Alibaba Cloud Full Stack (4): OSS — Object Storage Done Right
Master Alibaba Cloud OSS: bucket types, storage classes, access control (ACL, RAM, STS, signed URLs), lifecycle rules, cross-region replication, CDN integration, and custom domains. Build a complete media storage backend.
I used to store user uploads on the ECS disk. Profile pictures, PDF invoices, CSV exports — all dumped into /var/data/uploads/ on a single ecs.g7.large running my Flask app. I had a cron job that rsynced the directory to a second ECS instance every six hours as a “backup.” Then one Friday at 3am, the system disk hit 100% because a batch job generated 40GB of reports nobody ever downloaded, the instance went read-only, the app crashed, and the rsync hadn’t run since the previous evening. I lost six hours of user uploads and spent the weekend apologizing to customers. That was the week I learned that object storage is not a nice-to-have — it is the foundation of everything you build in the cloud. Your application server is ephemeral. Your data is not.
This article covers Alibaba Cloud’s Object Storage Service from first principles through production deployment. By the end, you will have a working media storage backend with lifecycle management, CDN acceleration, and presigned uploads from a Python API. We set up the VPC and ECS foundation in Part 2 and Part 3 — now we add the storage layer that survives instance failures, scales to petabytes, and costs a fraction of block storage.
What Is OSS?#
Object Storage Service is Alibaba Cloud’s equivalent of AWS S3. You store files — called “objects” — in containers called “buckets.” Each object has a unique key (its path), the data itself, and metadata. That is the entire data model. There are no directories, no file hierarchies, no POSIX semantics. When you see images/2026/05/avatar.png in OSS, the slashes are part of the key string, not a directory structure. The console renders them as folders for convenience, but the storage layer is flat.
This simplicity is the point. Because OSS does not need to maintain a filesystem tree, it can distribute objects across thousands of storage nodes transparently. You never think about capacity planning, disk IOPS, or RAID configurations.

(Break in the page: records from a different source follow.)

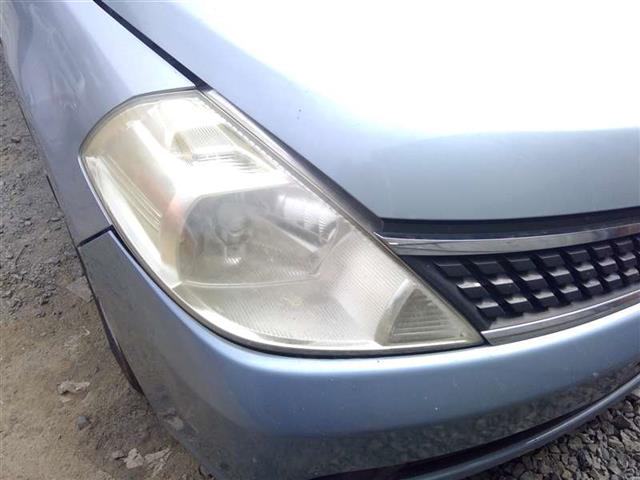 R Headlight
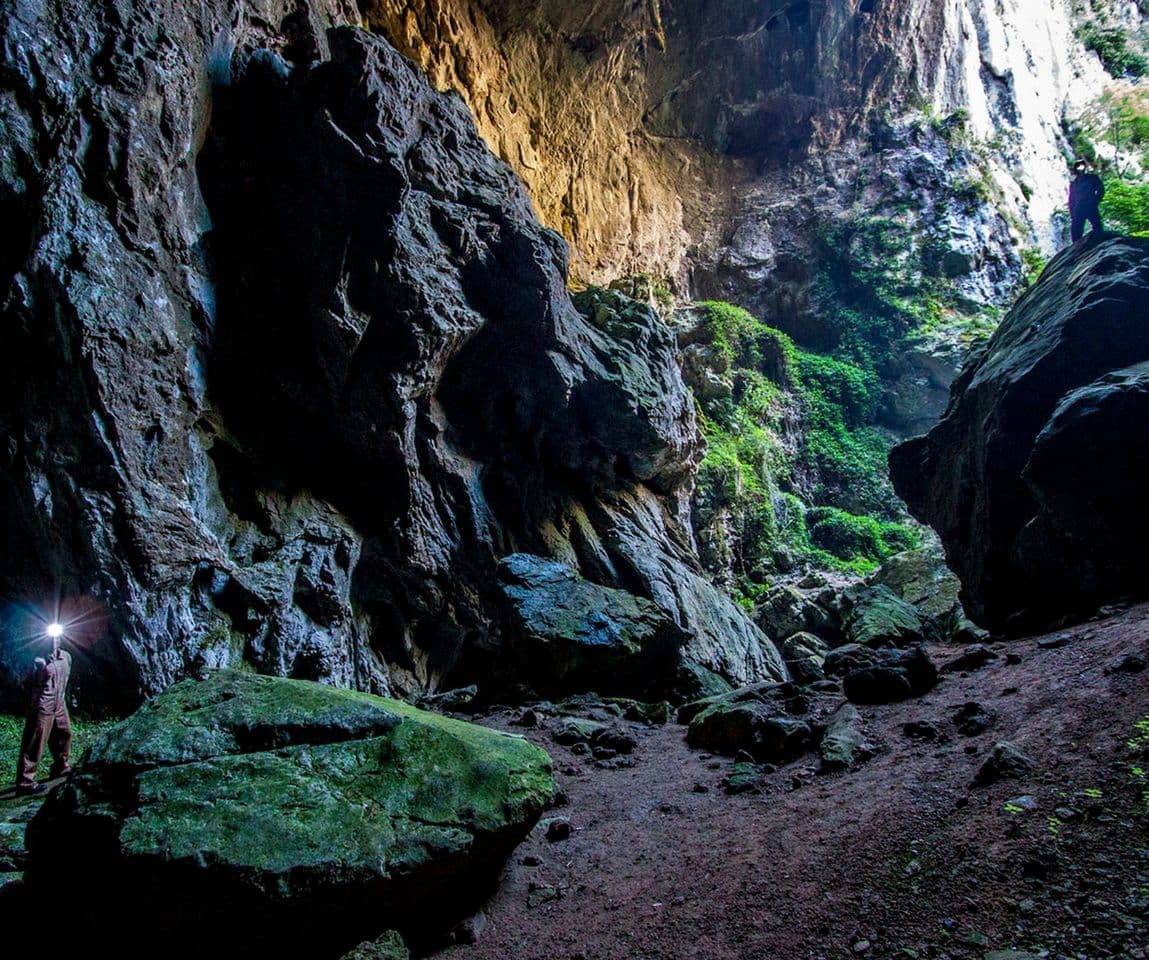 Cueva del Tinganón: Espeleo-Barranquismo extremo entre rocas, rapeles y aventura total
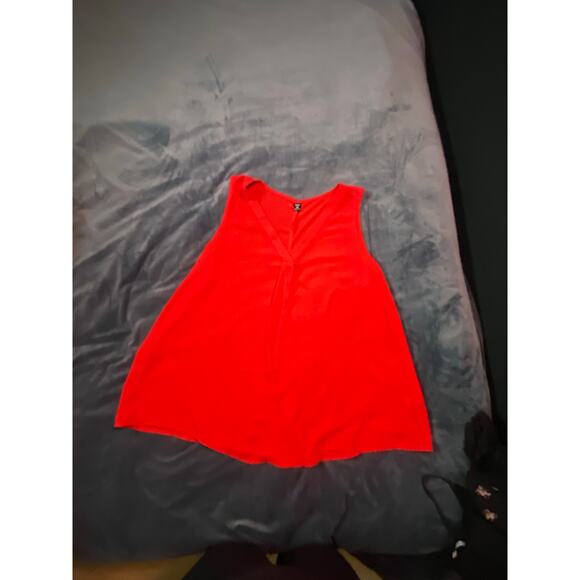 Red V neck tank - Picture 2 of 3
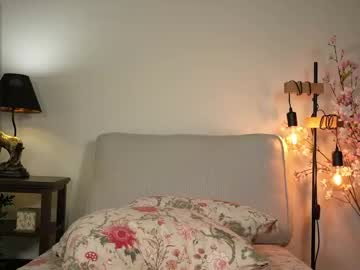 Foto porno honeyyykate ne arata tot la camera pe KUR.ro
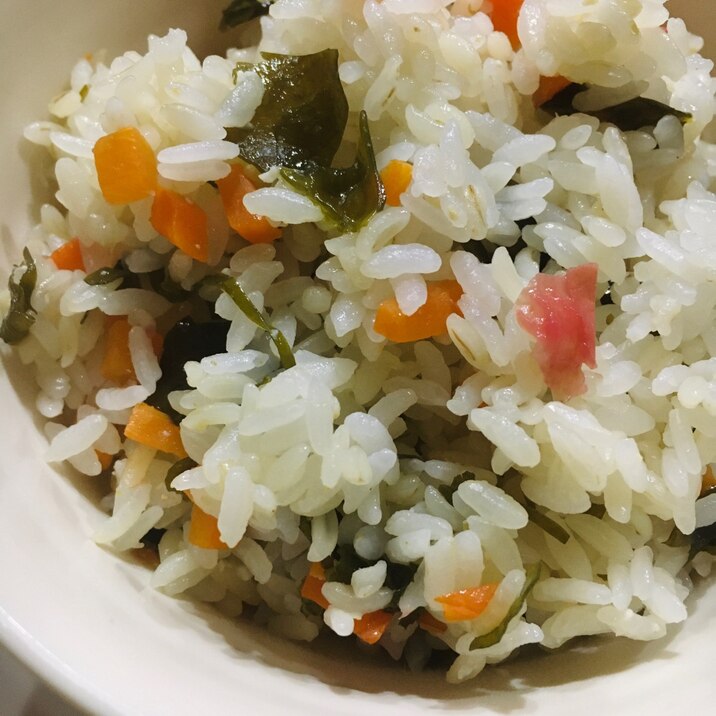 昆布茶で簡単♪わかめの梅かやくご飯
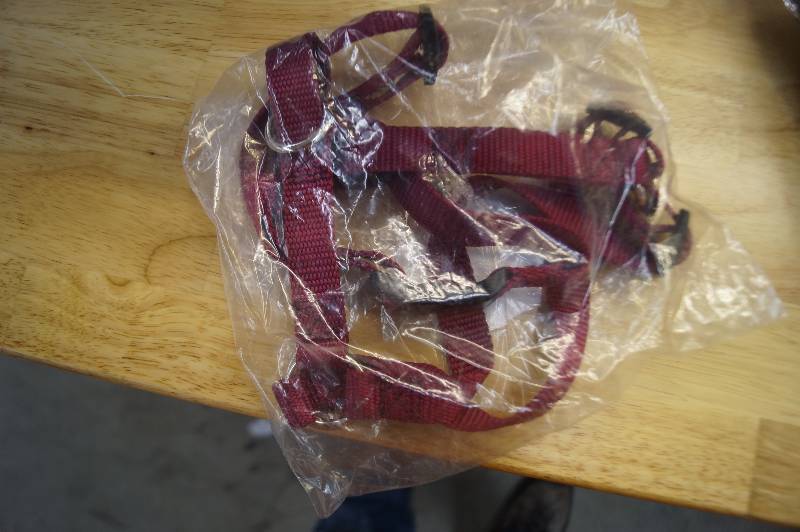 lot 33 image: Misc Household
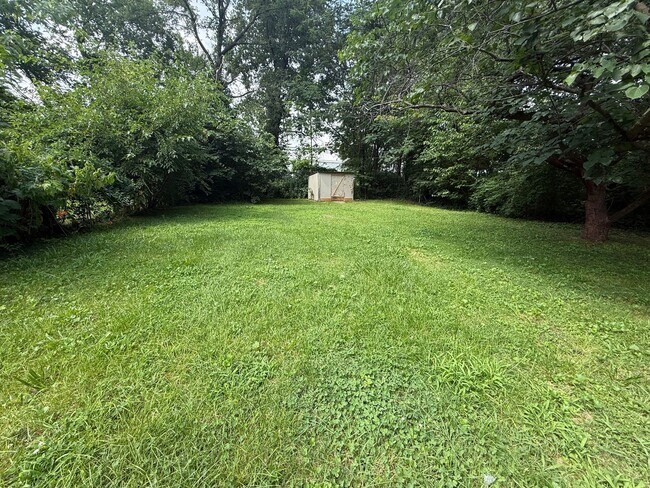 Building Photo - Cute 2 Bedroom 1 Bath with bonus room!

You PUT an object, and OSS figures out where to store it, how to replicate it across zones for durability, and how to serve it back when you GET it. The durability guarantee is 99.9999999999% (twelve nines) for Standard storage. That is “designed to lose at most one object if you store ten billion.”
Three types of cloud storage#
Alibaba Cloud offers three fundamentally different storage products, and using the wrong one is a common mistake:
| Storage type | Product | Access pattern | Analogy |
|---|---|---|---|
| Block storage | EBS (Cloud Disks) | Attach to one ECS, random read/write | A hard drive plugged into your computer |
| File storage | NAS / CPFS | Shared across multiple ECS via NFS/SMB | A network file share in your office |
| Object storage | OSS | HTTP API, no mount, unlimited capacity | Dropbox with an API |
Block storage (cloud disks attached to ECS) gives you a raw block device that the OS formats with ext4 or xfs. It is fast, low-latency, and supports random I/O — perfect for databases, OS boot volumes, and anything that needs POSIX filesystem semantics. But it can only be attached to one instance at a time, and you pay for provisioned capacity whether you use it or not.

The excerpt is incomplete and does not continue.